Work request: Your answer must be an exact copy of the records, minus any pictures.

(Recorded data)
- Opening Delimiter -

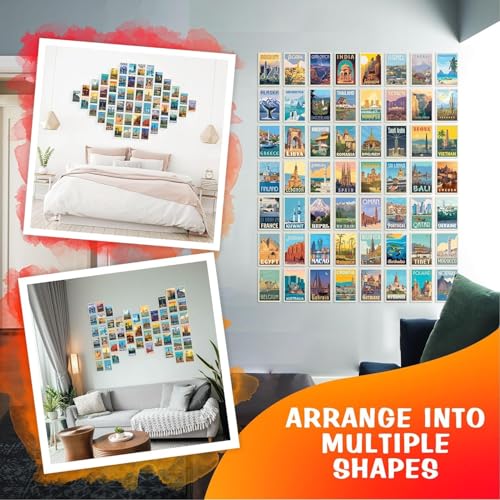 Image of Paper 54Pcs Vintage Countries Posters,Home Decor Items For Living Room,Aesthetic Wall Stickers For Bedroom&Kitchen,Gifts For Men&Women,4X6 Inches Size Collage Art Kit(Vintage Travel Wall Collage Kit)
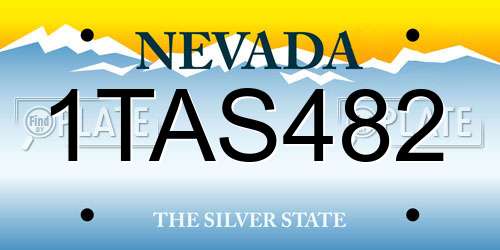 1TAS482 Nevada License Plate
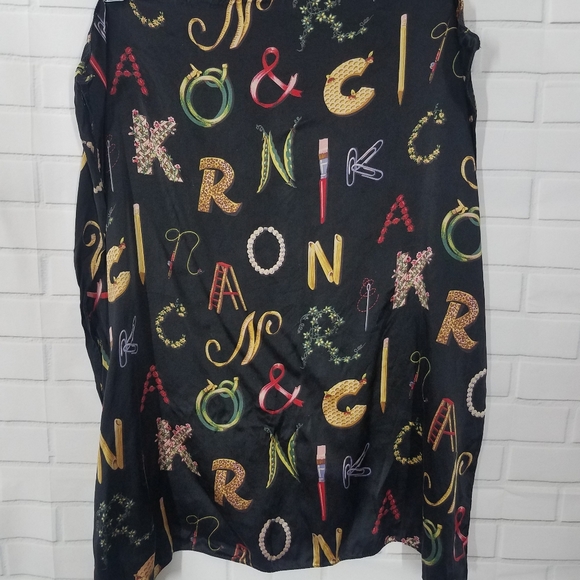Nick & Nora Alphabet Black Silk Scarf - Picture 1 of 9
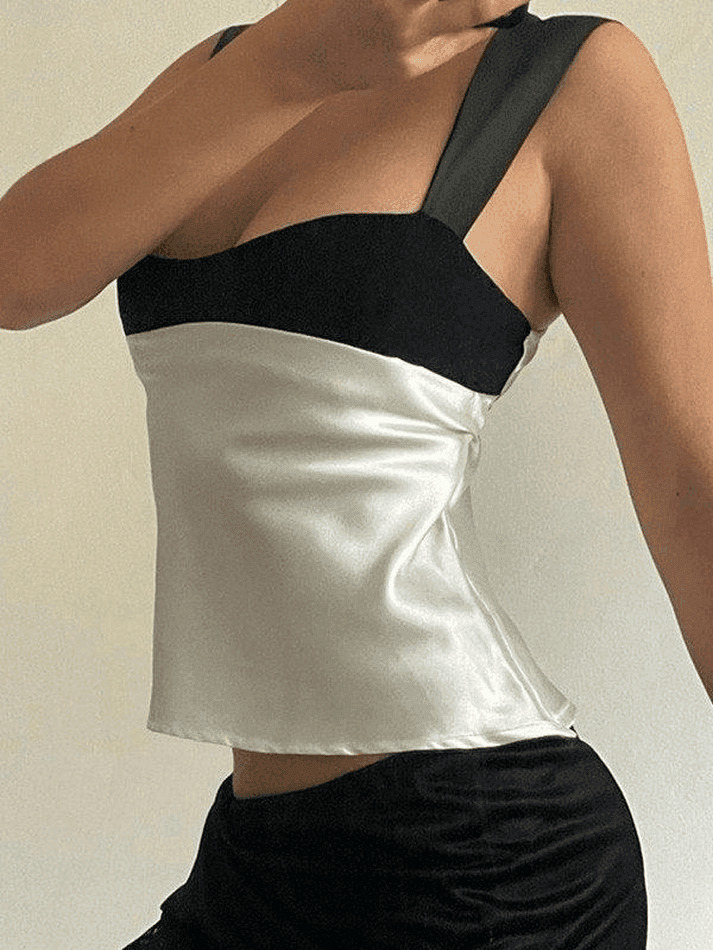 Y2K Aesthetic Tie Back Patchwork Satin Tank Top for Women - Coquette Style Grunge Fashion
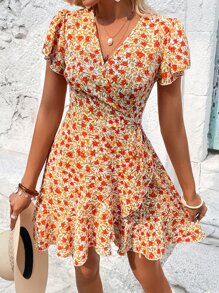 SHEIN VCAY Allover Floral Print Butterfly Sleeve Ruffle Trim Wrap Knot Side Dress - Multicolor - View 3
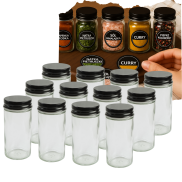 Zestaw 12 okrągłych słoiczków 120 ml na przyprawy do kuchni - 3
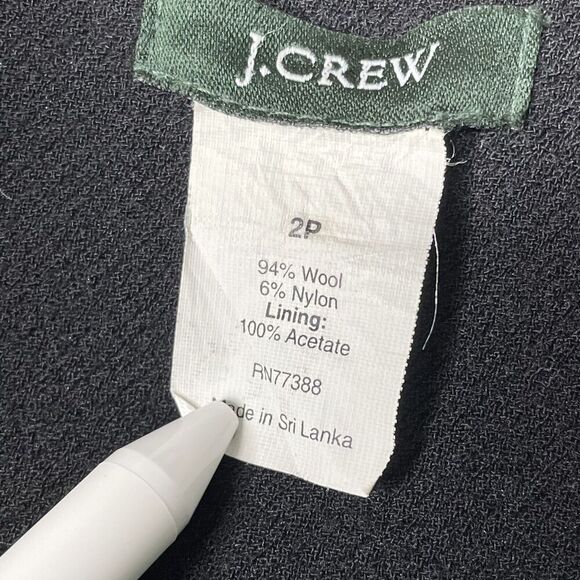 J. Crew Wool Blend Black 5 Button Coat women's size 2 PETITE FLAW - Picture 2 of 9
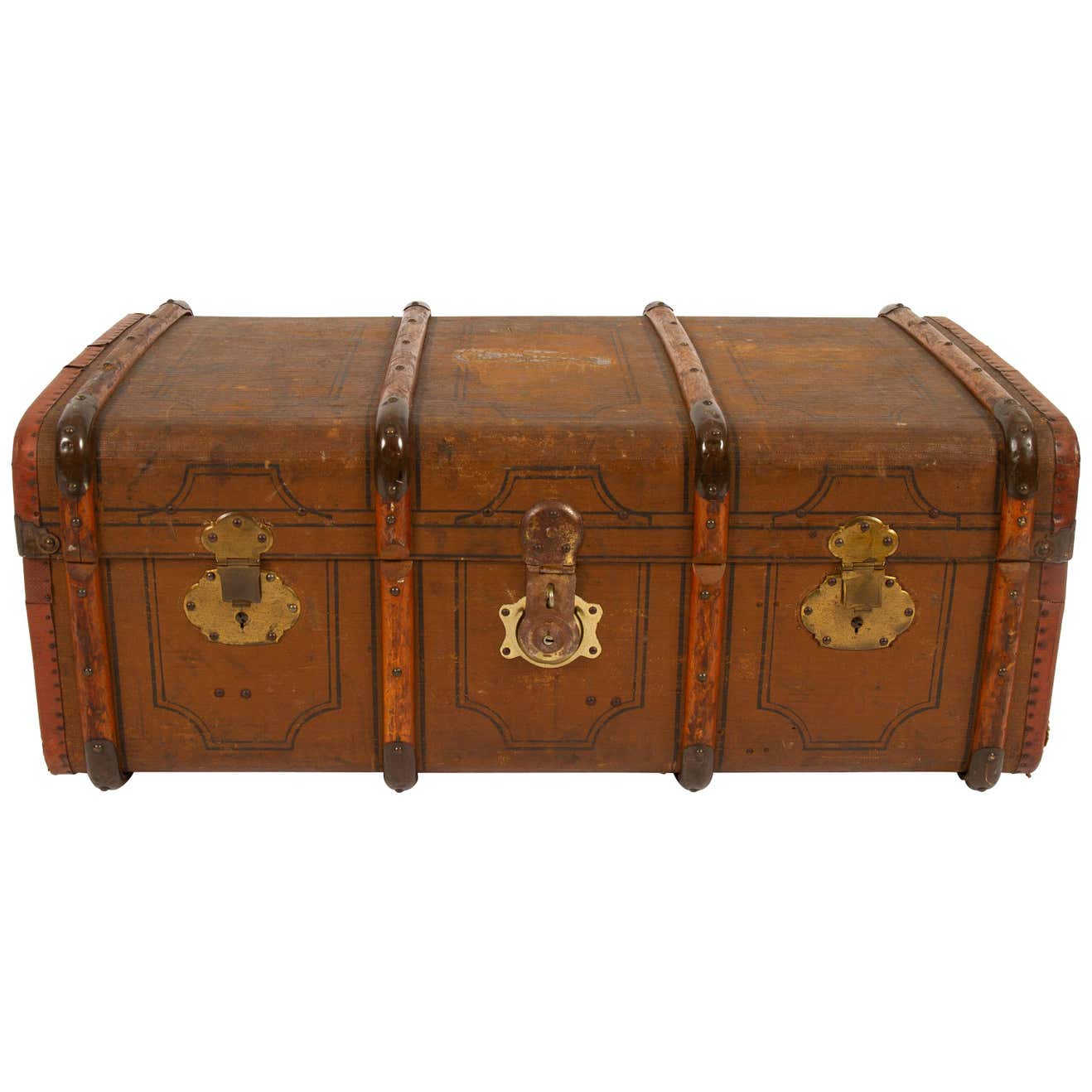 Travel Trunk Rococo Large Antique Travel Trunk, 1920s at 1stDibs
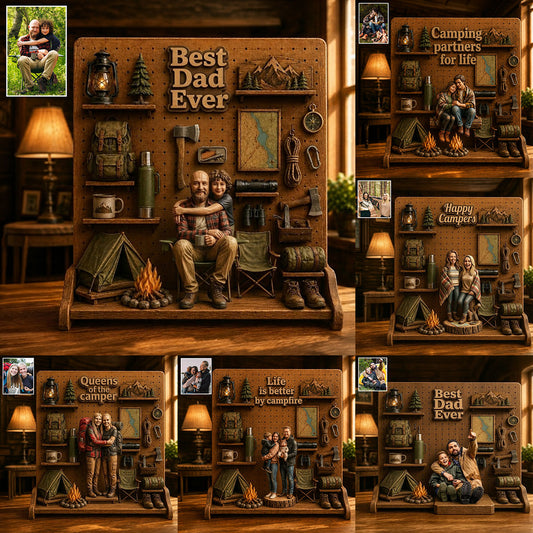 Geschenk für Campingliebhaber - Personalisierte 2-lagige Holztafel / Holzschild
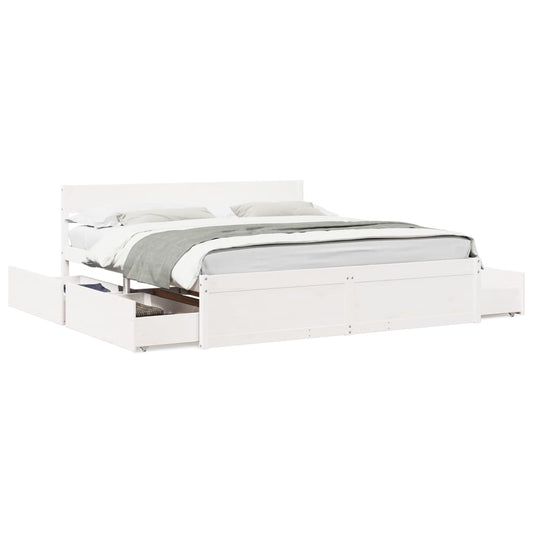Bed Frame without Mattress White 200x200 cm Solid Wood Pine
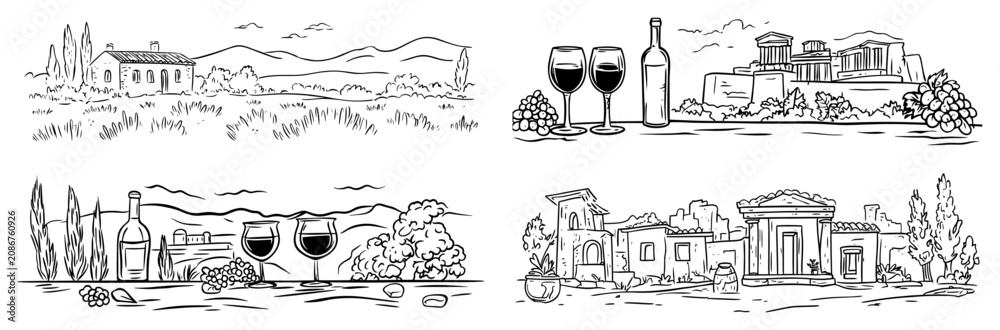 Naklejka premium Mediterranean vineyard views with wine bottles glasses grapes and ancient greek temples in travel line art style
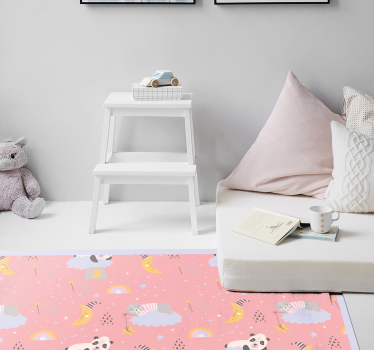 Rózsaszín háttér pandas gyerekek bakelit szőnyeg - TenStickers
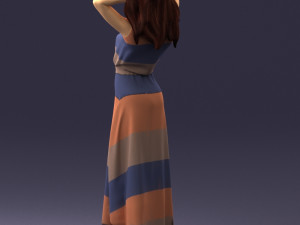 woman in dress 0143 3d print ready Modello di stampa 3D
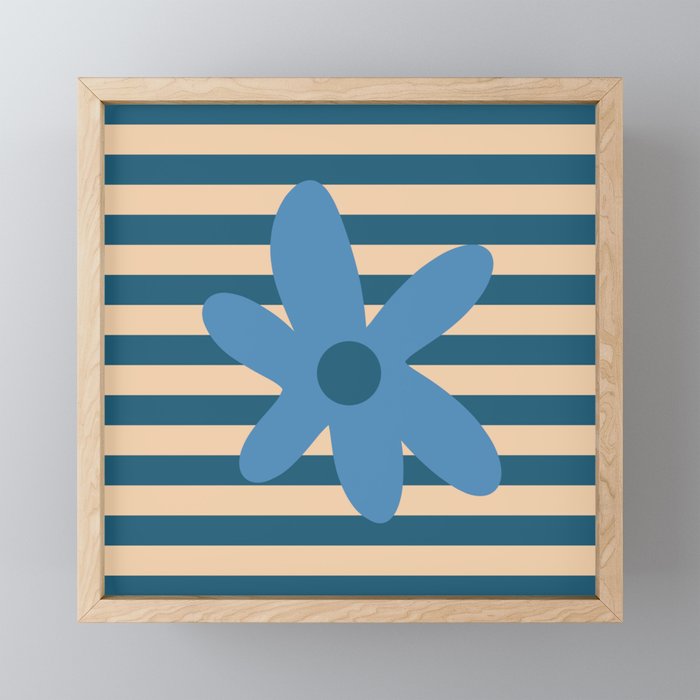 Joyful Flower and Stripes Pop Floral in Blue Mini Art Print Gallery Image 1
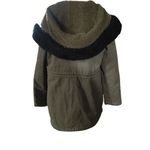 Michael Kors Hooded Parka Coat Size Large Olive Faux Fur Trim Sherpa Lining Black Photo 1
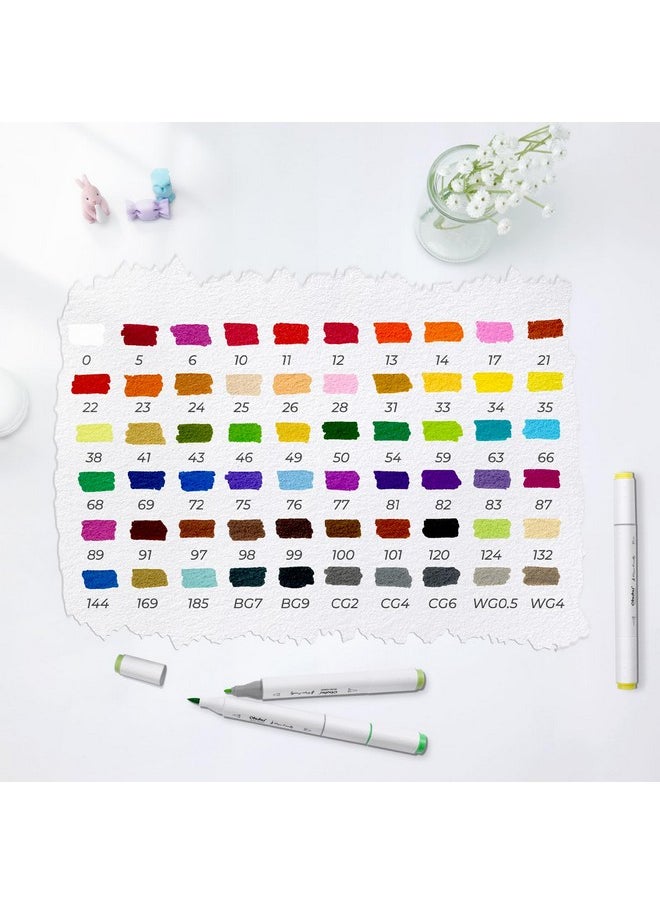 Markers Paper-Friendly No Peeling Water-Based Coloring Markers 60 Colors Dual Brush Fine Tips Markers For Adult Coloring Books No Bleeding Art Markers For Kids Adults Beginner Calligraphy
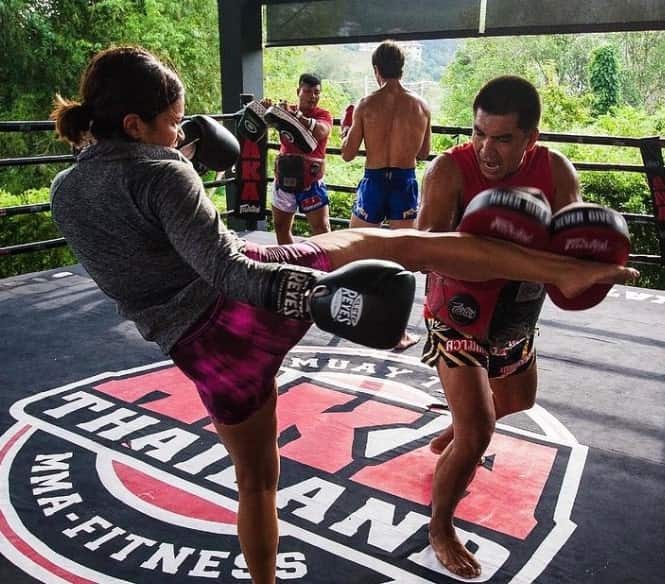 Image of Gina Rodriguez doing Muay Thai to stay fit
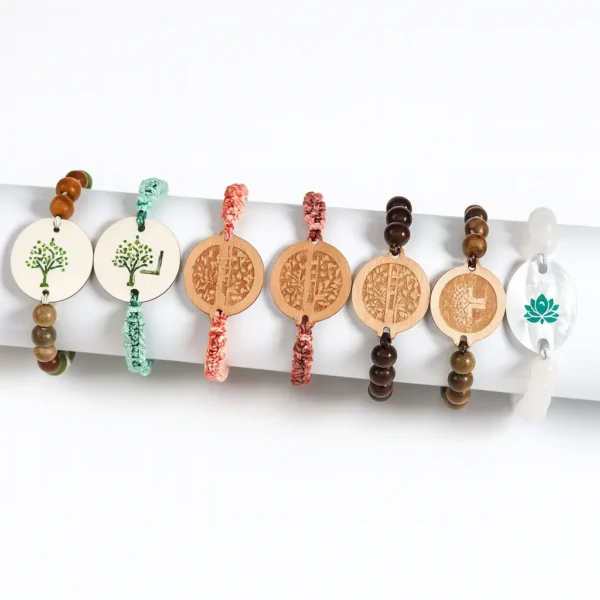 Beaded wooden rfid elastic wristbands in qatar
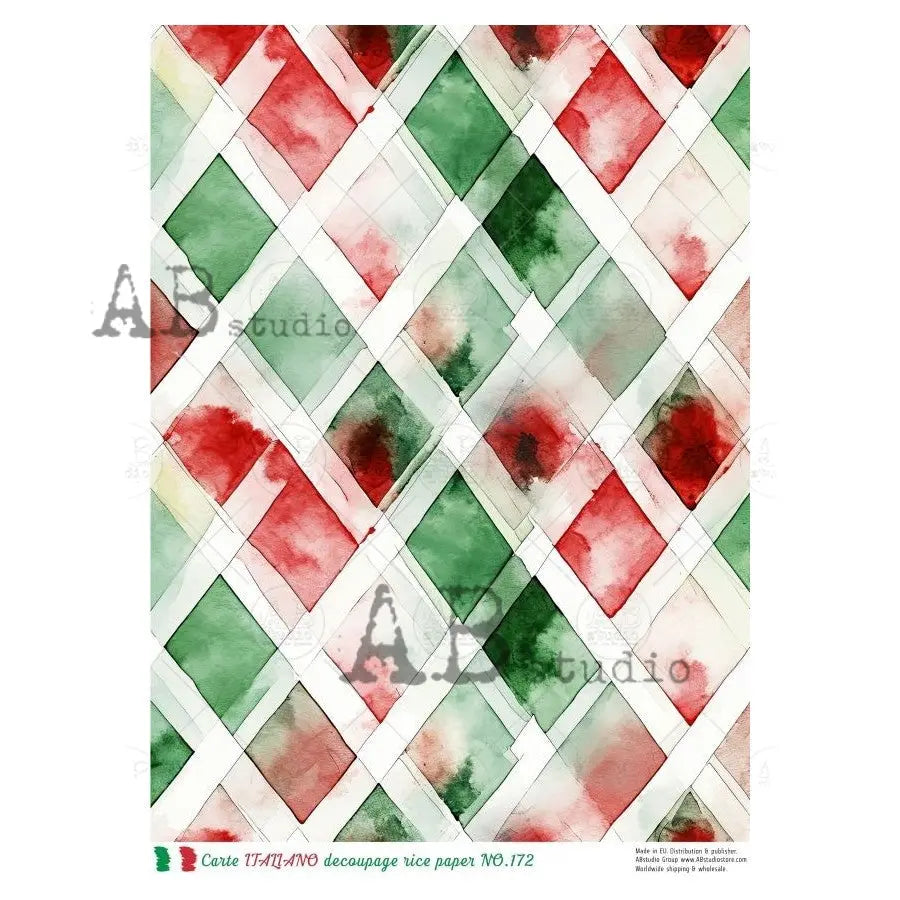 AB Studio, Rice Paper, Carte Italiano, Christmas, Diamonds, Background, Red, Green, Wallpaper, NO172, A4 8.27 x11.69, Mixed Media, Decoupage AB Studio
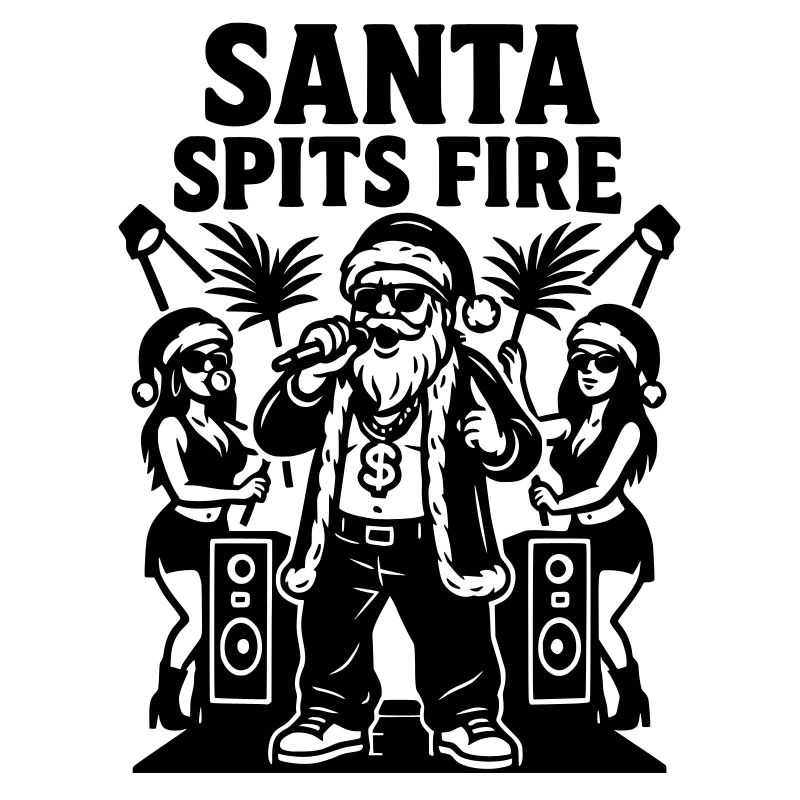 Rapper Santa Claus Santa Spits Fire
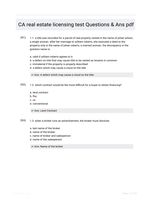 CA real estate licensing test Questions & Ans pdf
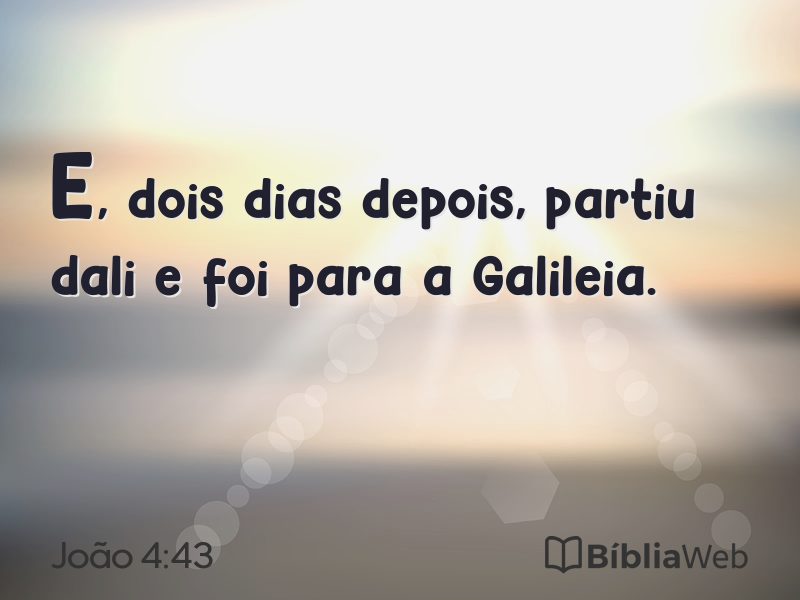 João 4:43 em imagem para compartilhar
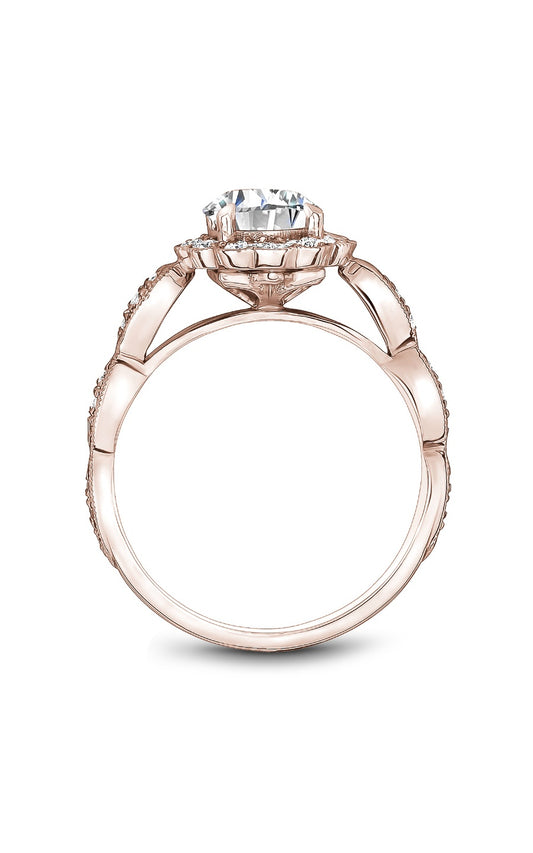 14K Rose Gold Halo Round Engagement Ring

- Closing Delimiter -

Solution to the exercise:
 Image of Paper 54Pcs Vintage Countries Posters,Home Decor Items For Living Room,Aesthetic Wall Stickers For Bedroom&Kitchen,Gifts For Men&Women,4X6 Inches Size Collage Art Kit(Vintage Travel Wall Collage Kit)
 1TAS482 Nevada License Plate
Nick & Nora Alphabet Black Silk Scarf - Picture 1 of 9
 Y2K Aesthetic Tie Back Patchwork Satin Tank Top for Women - Coquette Style Grunge Fashion
 SHEIN VCAY Allover Floral Print Butterfly Sleeve Ruffle Trim Wrap Knot Side Dress - Multicolor - View 3
 Zestaw 12 okrągłych słoiczków 120 ml na przyprawy do kuchni - 3
 J. Crew Wool Blend Black 5 Button Coat women's size 2 PETITE FLAW - Picture 2 of 9
 Travel Trunk Rococo Large Antique Travel Trunk, 1920s at 1stDibs
 Geschenk für Campingliebhaber - Personalisierte 2-lagige Holztafel / Holzschild
Bed Frame without Mattress White 200x200 cm Solid Wood Pine
 Naklejka premium Mediterranean vineyard views with wine bottles glasses grapes and ancient greek temples in travel line art style
 Rózsaszín háttér pandas gyerekek bakelit szőnyeg - TenStickers
 woman in dress 0143 3d print ready Modello di stampa 3D
 Joyful Flower and Stripes Pop Floral in Blue Mini Art Print Gallery Image 1
 Michael Kors Hooded Parka Coat Size Large Olive Faux Fur Trim Sherpa Lining Black Photo 1
 Markers Paper-Friendly No Peeling Water-Based Coloring Markers 60 Colors Dual Brush Fine Tips Markers For Adult Coloring Books No Bleeding Art Markers For Kids Adults Beginner Calligraphy
 Image of Gina Rodriguez doing Muay Thai to stay fit
 Beaded wooden rfid elastic wristbands in qatar
 AB Studio, Rice Paper, Carte Italiano, Christmas, Diamonds, Background, Red, Green, Wallpaper, NO172, A4 8.27 x11.69, Mixed Media, Decoupage AB Studio
 Rapper Santa Claus Santa Spits Fire
 CA real estate licensing test Questions & Ans pdf
 João 4:43 em imagem para compartilhar
 14K Rose Gold Halo Round Engagement Ring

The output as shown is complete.